Pourquoi un mouvement des jeunes pour le climat?

Nous ne faisions pas grève contre nos enseignant·e·s mais contre le gouvernement et son inaction face à la crise climatique. L’éducation permet de former la relève pour l’avenir. Nous avons voulu montrer la contradiction en refusant de collaborer à la construction d’un avenir dont le gouvernement ne se soucie pas, puisqu’il ne tient pas ses engagements au niveau environnemental.

Pour nous, c’était important de dire qu’on ne baisse pas les bras, qu’on se préoccupe de notre avenir et de celui des générations à venir.

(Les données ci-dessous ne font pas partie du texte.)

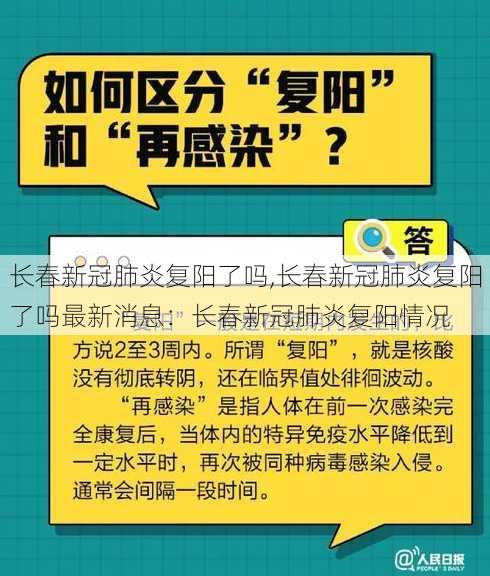 长春新冠肺炎复阳了吗,长春新冠肺炎复阳了吗最新消息：长春新冠肺炎复阳情况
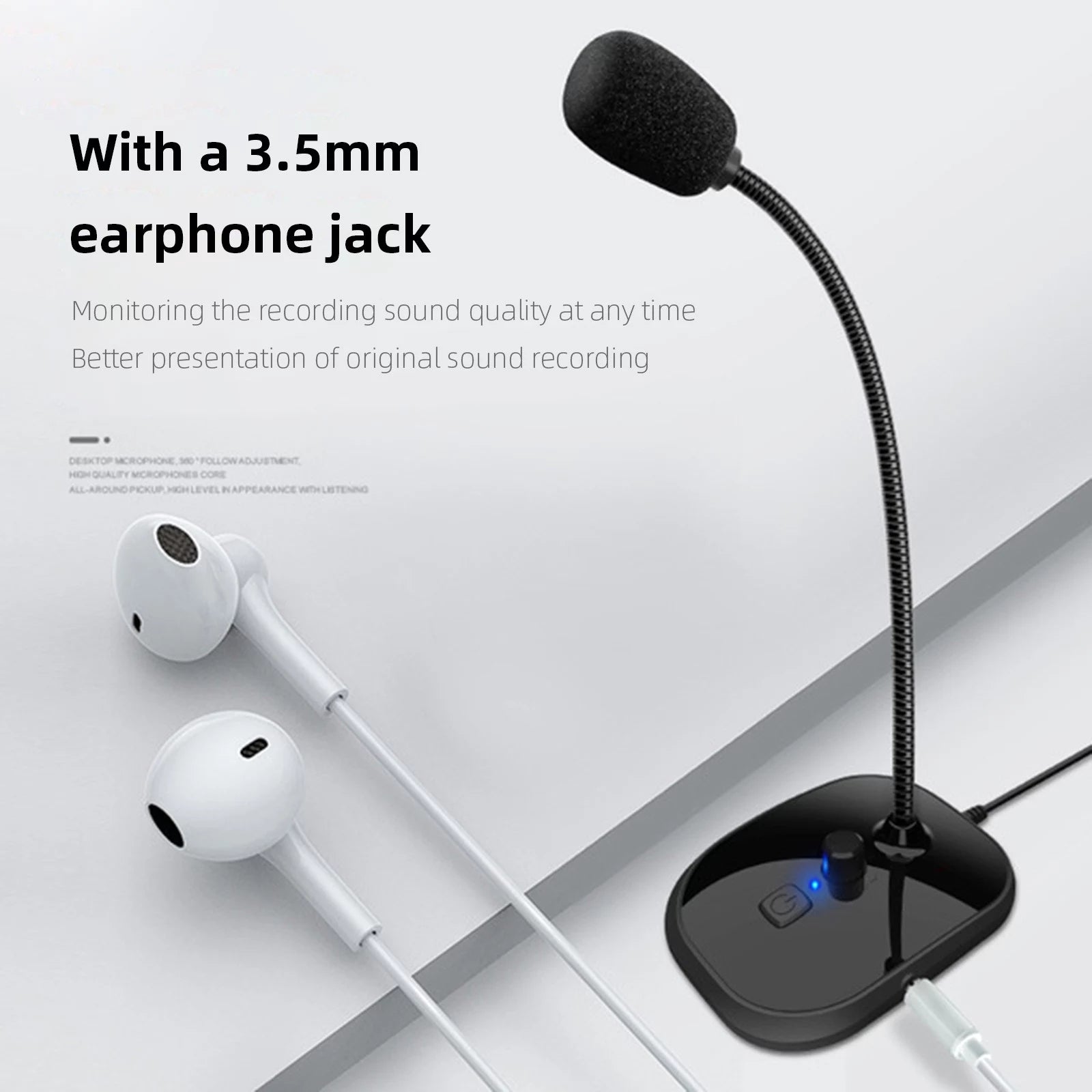 Gooseneck Computer Microphone with USB connection, featuring a sleek black design and flexible neck for optimal positioning.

C’est important de montrer qu’on n’est pas juste les fruits de la société de consommation, mais qu’on a aussi une conscience politique et éthique.

Les jeunes qui se sont mobilisé·e·s n’ont pas le droit de vote ou viennent de l’obtenir. Les représentant·e·s politiques, ce ne sont pas nous qui les avons élu·e·s, mais c’est nous qui allons faire les frais de leur déni. Il est nécessaire que tout le monde se mobilise pour le climat, et c’est particulièrement génial que la jeunesse se rende compte de sa force et de son énergie.

Quel impact cette mobilisation va avoir sur les jeunes à ton avis?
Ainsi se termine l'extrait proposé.